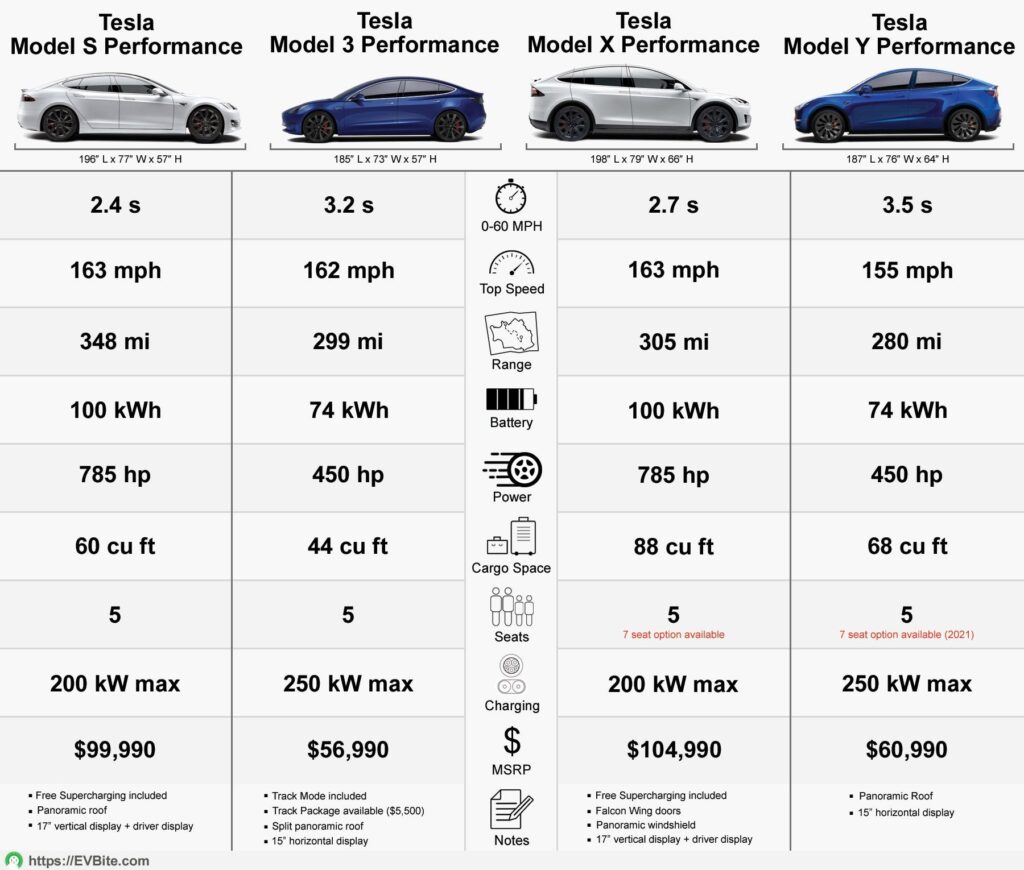 Compare Tesla Model X To Tesla Model Y: Best Applications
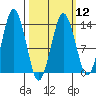The Summit tide chart for Tuesday, March 12, 2024
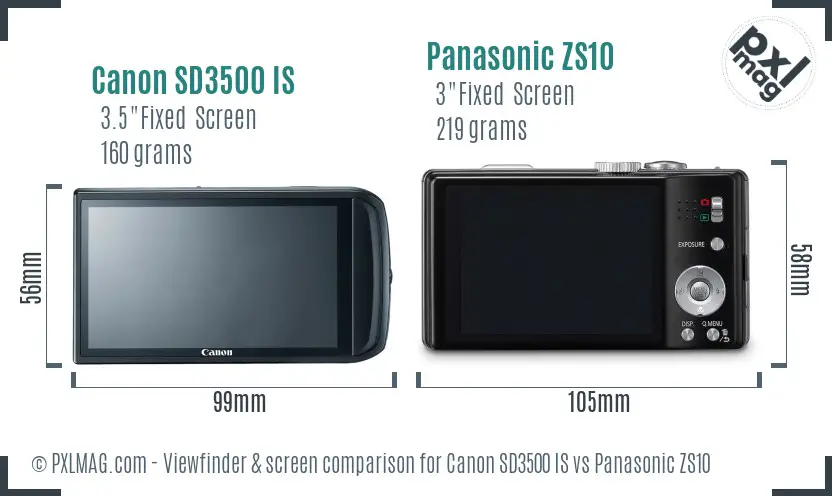Canon SD3500 IS vs Panasonic ZS10 Screen and Viewfinder comparison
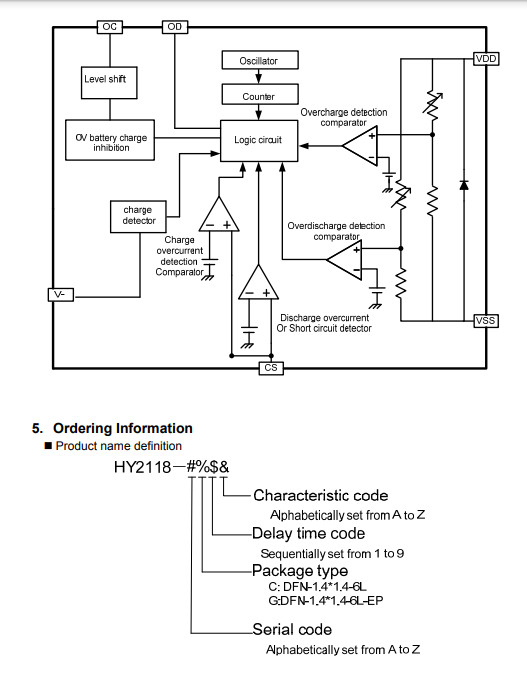 供应HY2118-KG2J-锂聚合物电池保护IC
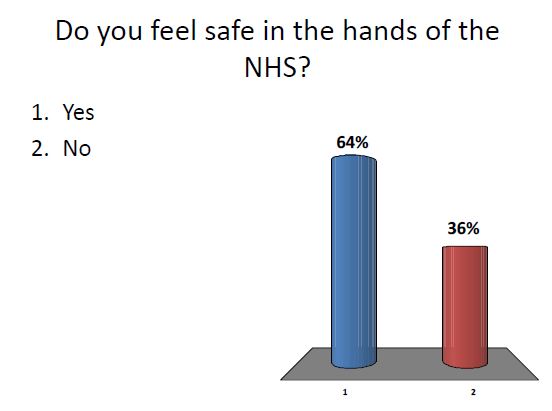 safe NHS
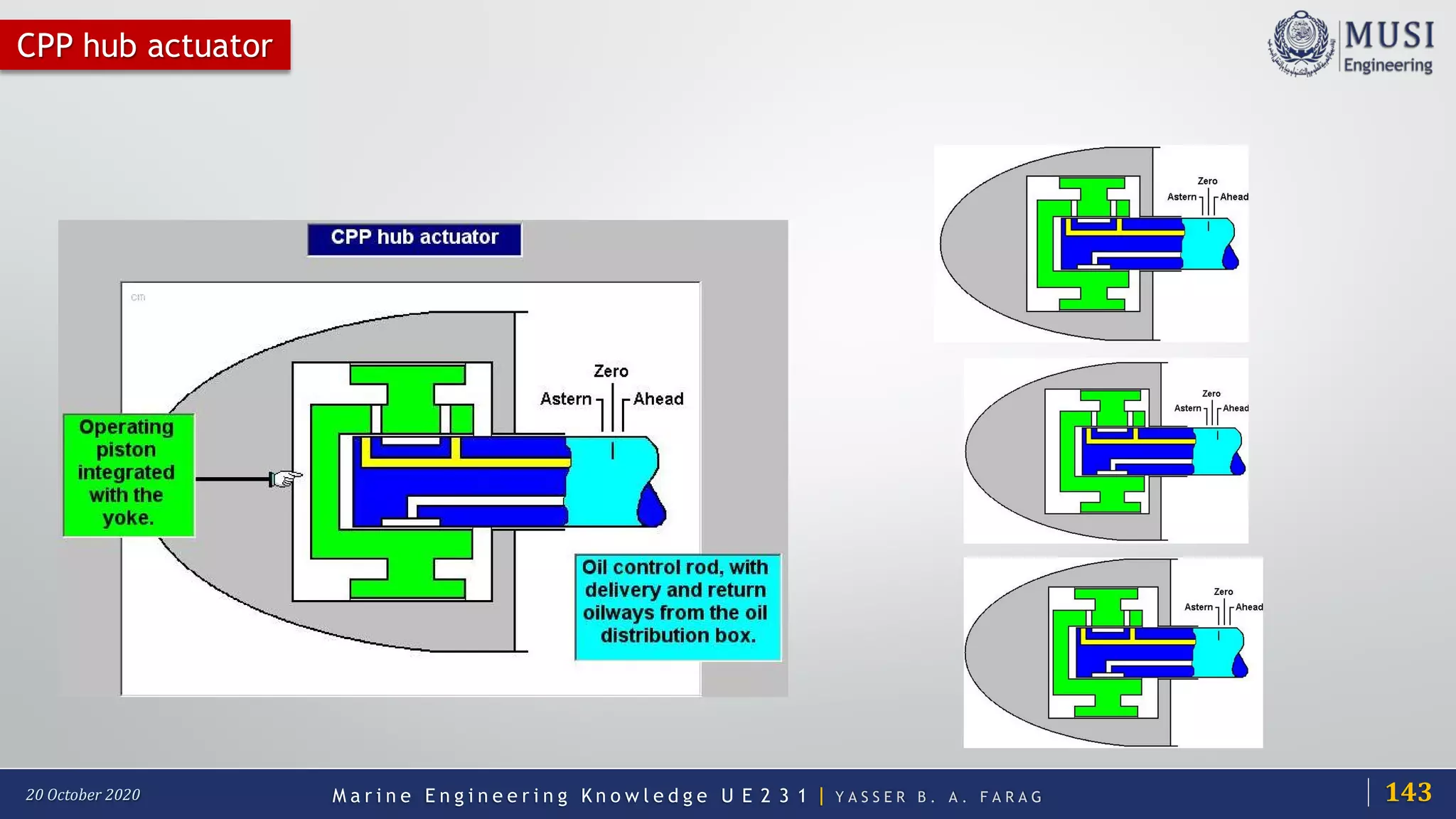 M a r i n e E n g i n e e r i n g K n o w l e d g e U E 2 3 1 | Y A S S E R B . A . F A R A G20 October 2020
CPP hub actuator
143
 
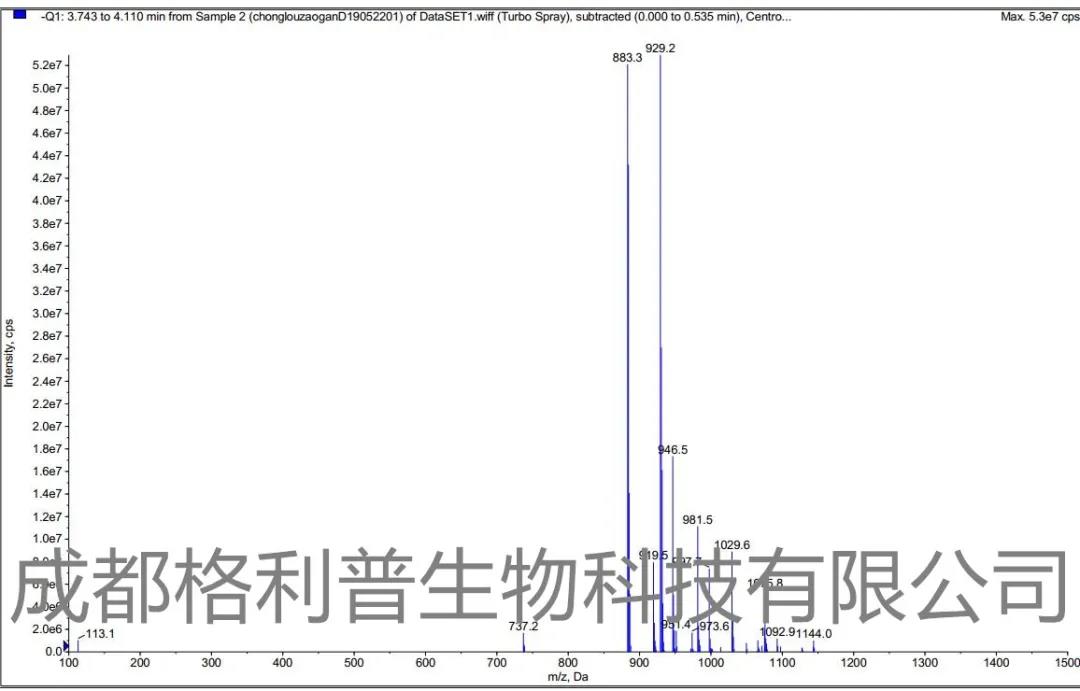 17-羥基薯蕷皂質譜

* PROBLEM *
Transcribe exactly the lines above, running from the one that contains "Canon SD3500 IS" through the final line of the listing, and skip every picture.

* RESPONSE TO THE TASK *
Canon SD3500 IS vs Panasonic ZS10 Screen and Viewfinder comparison
 供应HY2118-KG2J-锂聚合物电池保护IC
 safe NHS
 M a r i n e E n g i n e e r i n g K n o w l e d g e U E 2 3 1 | Y A S S E R B . A . F A R A G20 October 2020
CPP hub actuator
143
 
 17-羥基薯蕷皂質譜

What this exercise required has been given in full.